O procurador afirmou também que, a partir de 2020, irá cobrar dos matadouros o índice de produtividade de seus fornecedores. A ideia é coibir pecuaristas que criam um número de cabeças de gado incompatível com a área da propriedade.
Para barrar o “esquentamento de gado”, o MPF estabeleceu o teto de produtividade de 2,5 animais por hectare. Propriedades que ultrapassarem esse limite deverão ser monitoradas de perto pelos frigoríficos, já que isso pode indicar irregularidades, como fraude no CAR ou criação de gado em áreas ilegais. As empresas deverão comprovar a alta produtividade e estabelecer regras para essas compras. “Quem não cumprir o teto na próxima auditoria ficará irregular”, diz Azeredo.
Sem multas
Assim como aconteceu em 2018, o MPF decidiu não aplicar multas às empresas que descumpriram o TAC da Carne. O procurador Ricardo Negrini afirmou que o papel do TAC não é aplicar medidas punitivas, mas fazer com que o produtor entenda os benefícios de produzir sem devastar a floresta. Segundo ele, os mercados consumidores estão cada vez mais conscientes, assim como os supermercados e as instituições financeiras.
“As instituições financeiras que dão crédito para o setor começam a se preocupar com a sustentabilidade da cadeia produtiva.
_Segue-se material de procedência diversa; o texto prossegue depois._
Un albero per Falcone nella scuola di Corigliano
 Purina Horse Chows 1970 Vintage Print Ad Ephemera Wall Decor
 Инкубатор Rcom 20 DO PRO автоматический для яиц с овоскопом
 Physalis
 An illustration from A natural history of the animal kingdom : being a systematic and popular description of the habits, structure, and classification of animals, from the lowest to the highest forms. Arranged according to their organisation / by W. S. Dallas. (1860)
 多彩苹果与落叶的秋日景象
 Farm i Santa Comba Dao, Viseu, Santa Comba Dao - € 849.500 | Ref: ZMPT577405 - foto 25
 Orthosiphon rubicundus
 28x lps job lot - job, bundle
Quando um desses atores resolve não comprar gado por problemas socioambientais, esse fornecedor vai viver um problema econômico, que o prejudica mais do que qualquer multa”, avalia.
Ele aponta também dificuldades para cobrar as multas aplicadas às empresas, “porque nem sempre há patrimônio para isso”, ou porque “a empresa deixa de existir”, diz. “Existe uma série de entraves no sistema judiciário tradicional, então a gente busca solucionar por meio de ações do próprio mercado.”
No entanto, a alternativa de não aplicar multas gera controvérsias. “A imposição de multas aumentaria a pressão sobre os frigoríficos para se adequarem ao TAC mais rapidamente”, diz Mariana Abreu, investigadora da ONG Global Witness. Para ela, a prioridade é resolver os problemas dos fornecedores indiretos, da falsificação de CARs e da lavagem do gado.
Abreu defende ainda que grandes bancos limitem a concessão de empréstimos para empresas envolvidas com desmatamento. Instituições financeiras, como Black Rock, Deutsche Bank e Bank of America, diz Abreu, financiam grandes frigoríficos, como JBS e Minerva, e deveriam cobrar mais regulação e sustentabilidade. “Isso é fundamental se quisermos interromper a destruição da Amazônia”, disse.